とはいえ、まだまだ情報は錯そうしており、かつ次々とアップデートされていく感もあり、何が正しく何が間違いなのか? 100%の確証を持ってお伝えできないところがありますので、その点はご容赦ください(近々、専門家への取材などを通して正しい情報や表現を洗い直したいと考えていますが、今日のところは取り急ぎ…)。
ということで、あらっぽくてごめんなさい…ですが、本題に入ってしまいます。復習になりますが、まず、今回の騒動の大元にあるのは、ビットコインのスケーラビリティ問題というもの。
スケーラビリティ問題は、ビットコインの取引量(トランザクション)の急増によって、既存のブロックサイズだと取引データの処理が追いつかず、送金が遅延するなどの不具合が生じるという問題です。
【参考記事】
●なぜ、ビットコインは急上昇してきたのか? 8月1日は運命の日! 暴落の可能性も!?
●ビットコインはなぜ、急落してから急反発?8月1日だけでなく7月21日も注目の理由は?
なんとかしなければ! ということで出てきたのが、Segwitを提案するBIP141というもの。
BIPとは、Bitcoin Improvement Proposalsの頭文字を取ったもので、Improvementは「改善」、Proposalsは「提案」です。つまり、「ビットコイン改善案」みたいな感じでしょうか。
ビットコインの改善案は、BIP○○と番号が振られており、Segwitについて書かれた改善案が、BIP141というものになります。
そして、segwitは、以前、「解決手段として有望視されているのが「SegWit」(セグウィット)。ブロックに記述する『署名』(Witness)を、『隔離』(Segragated)することで1ブロックの容量を実質的に拡大させる方法」とお伝えしたとおりのもの。この改善を行うことで、スケーラビリティ問題は改善されることになります。
■BIP141(segwit)は、基本、みんな賛成しているらしい
ビットコインの発展を望むならば当たり前ですが、スケーラビリティ問題はなんとかしなければならないワケで、基本的にsegwitが提案されたBIP141には、ほぼみんな賛成だったみたい。
揉めたのは、それをどうやってアクティベート(有効化)するのか? という方法論の部分です。
他にもあるのかもしれませんが、ここではよく見かける3つを紹介。なんか、ややこしいのですが…この方法論にも、BIPの番号が振られています。方法論も、それぞれがビットコイン改善のための提案という、くくりになるワケでしょうかね。
<BIP141(segwit)をアクティベートする方法案>
・ BIP9
・ BIP148
・ BIP91
■「BIP9」は95%の賛成を集めればsegwitが有効化されるが…
まず、この中で一番歴史がありそう? なのがBIP9というもの。2016年10月からマイナーによるシグナリング(本来の意義は違うみたいだけど、実質的には投票行動みたいなこと)が開始された案件で、2017年11月15日までにシグナリングが95%になるとsegwitがアクティベートするというもの。

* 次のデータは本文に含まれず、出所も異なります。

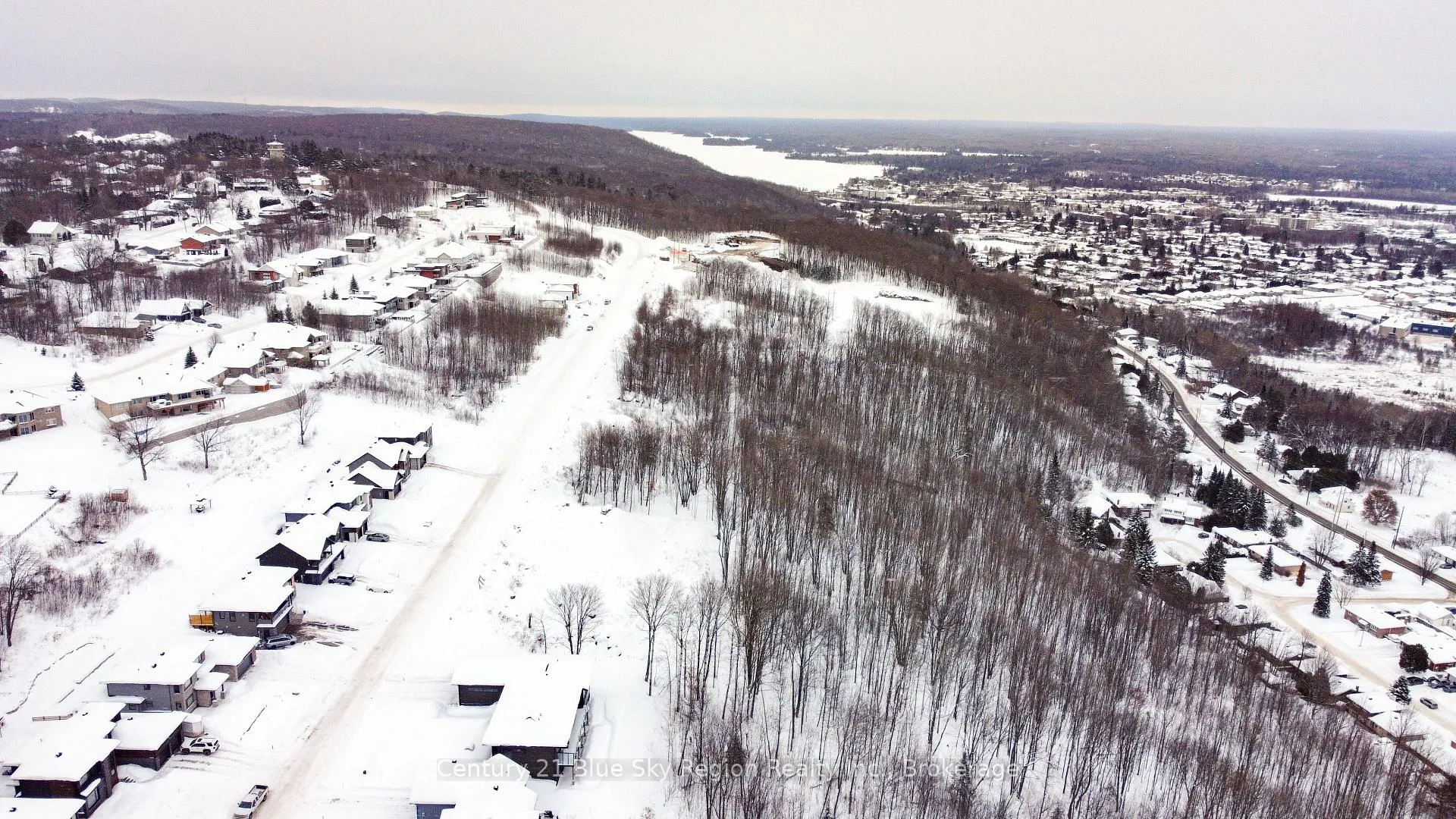 Photo 10 of 74 Kenreta Drive, North Bay, Airport — HOMEH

そして、BIP9自体は、ビットコインの分岐を前提とせず、ソフトフォークさせることでsegwitのアクティベートを実行しようとする案です。
実際には、2016年10月からシグナリングがはじまったものの、俺らはハードフォークしたいし! みたいな勢力が台頭したせいもあって、遅々として賛成の比率を高められず…。このままでは、いずれ期限切れを迎え、廃案という道を辿りそう…みたいな空気になったワケ。
スケーラビリティ問題もどんどん深刻化していく中で、segwitを推し進めたいと考えている人たちは、さっさとsegwitしちゃおうよ! ということで、先ほど「BIP141(segwit)をアクティベートする方法案」で紹介した残りの2案が登場することになります。
■「BIP148」も「BIP91」は、ほぼ同じ提案内容。違いは?
「BIP148」も「BIP91」も最終的な部分でBIP9を踏襲しているのですが、その構造は二段構え。「BIP148」や「BIP91」をアクティベートすることで、強制的にBIP9で採用されているversion bits1のシグナルを発信させようとするものになっています。
どうやって強制的にシグナルを発信させるか? というと、この2案に共通している点でもあるのですが、要は、BIP9で採用されているversion bits1のシグナルを発信していないブロックを無効にしてしまおうというのです。
ただし、この「version bits1のシグナルを発信していないブロックを無効にする」という決め事をアクティベートするタイミングが、BIP148とBIP91では違います。
BIP148は、フラッグデイト方式というものが採用されており、ある決められた期日がきたら強制的に上述の決め事がアクティベートされるようになっています。実はこれが、前回の記事でもお伝えした、いわゆる「UASF(User Activated Soft Fork)」というもの。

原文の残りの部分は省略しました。